Voluntary renewable energy can help utilities reach 100% clean targets faster

utility-renewable-energy-programs-100-percent-clean

There’s a groundswell of utilities across the U.S. pursuing decarbonization targets. Seventeen large investor-owned utilities have now pledged to reach 100% clean electricity or net-zero emissions, on timelines of 30, 20, and even just 15 years from now. While this clean energy transformation is essential in the fight against climate change, it also represents an unprecedented challenge to the energy industry. Utilities are fundamentally shifting their business models, changing the nature of energy generation, storage, and delivery, and they’re on a deadline. Simply put, we’re embarking on what Deloitte recently called “an energy transition like no other.”

To be successful in the shift to a clean energy future, utility leaders need to be resourceful, taking an all-hands-on-deck approach and using every tool in their toolbox to its fullest extent in order to reach these ambitious targets.

One such tool is the voluntary renewable energy market, which has growing potential to help utilities decarbonize faster, and to do it in partnership with their customers.

Sustained growth in the voluntary renewable energy market

The voluntary market for renewable energy has grown steadily since it first emerged in the early 2000s. According to NREL’s annual reports, the overall voluntary renewable energy market has grown around 20 percent annually the last few years, and shows no signs of slowing. The portion of that market served by vertically integrated utilities has grown steadily too, as utilities have seen the value of offering renewable energy options to meet residential and commercial customer demand. And new utility program types continue to emerge and add capacity. Notably, there’s been significant growth recently spurring from the emergence of green tariffs. Total installed capacity serving green tariffs has grown at least 43% since 2018, according to June 2020 data from REBA.

Leading utilities in this space — those who offer high quality renewable programs across their customer segments — are seeing their voluntary renewable energy programs contribute five percent and even upwards of 10 percent of their total retail sales. As these programs contribute more to utilities’ total energy sales, executive leadership can begin to see voluntary renewable energy as a powerful tool in their decarbonization strategy.

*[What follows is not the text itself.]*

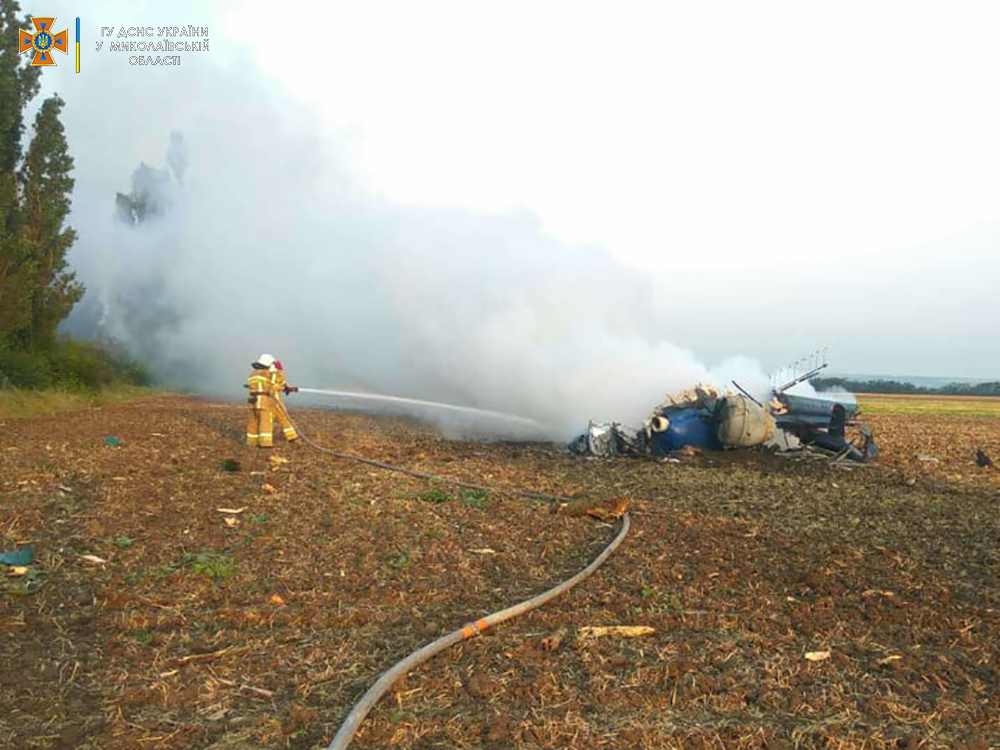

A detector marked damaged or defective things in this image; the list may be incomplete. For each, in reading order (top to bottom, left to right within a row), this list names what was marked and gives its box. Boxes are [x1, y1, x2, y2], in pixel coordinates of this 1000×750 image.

crashed helicopter [568, 360, 880, 462]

Of course, utility voluntary renewable programs won’t deliver significant returns on carbon reduction targets unless they are thoughtfully designed and built to scale. The voluntary market’s contribution to utility targets will depend on the structure and magnitude of the utility’s overall decarbonization goal, as well as on the design of the voluntary programs themselves. But with an intentional approach, voluntary renewable energy programs can and should help advance a utility’s clean electricity and decarbonization goals.

Rethinking the voluntary market’s contribution to utility decarbonization

Using the voluntary market to advance utility decarbonization goals is a significant shift in the way these programs were historically designed and tracked. In the past, voluntary renewable energy programs were held separate from utility renewable energy targets. Renewable portfolio standards representing 10 or 20 percent of a utility’s overall mix were the primary driver for clean energy. And the simplest way to prevent cross-subsidization between legislated renewable energy requirements and voluntary programs was to treat the programs as entirely separate.

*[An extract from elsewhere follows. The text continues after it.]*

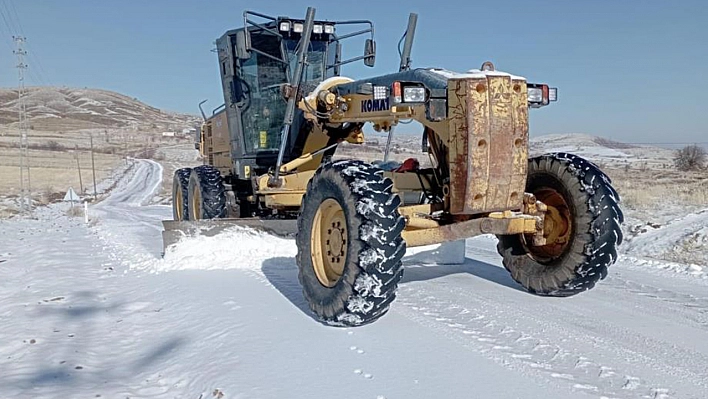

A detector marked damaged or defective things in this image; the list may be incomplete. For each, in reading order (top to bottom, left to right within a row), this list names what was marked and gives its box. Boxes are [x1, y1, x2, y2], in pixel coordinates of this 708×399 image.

rusty engine cover [448, 72, 524, 216]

But utilities are in a new era today. Mandated targets are increasingly approaching 100 percent, and many more utilities are setting similarly ambitious targets on their own.

As the stakes for decarbonization get higher, it’s both strategic and appropriate for the interaction between voluntary programs and utility targets to evolve. Policymakers are increasingly recognizing the role the voluntary market can play in a state’s path to achieving 100 percent clean energy, even explicitly carving out space for it. Similar thinking on the value of the voluntary market has led to creative program design that complements utility targets in many contexts. Utilities’ urgent need to decarbonize, coupled with the voluntary market’s growth, makes a compelling case for utility leaders to integrate their voluntary renewable energy programs into their clean energy plans.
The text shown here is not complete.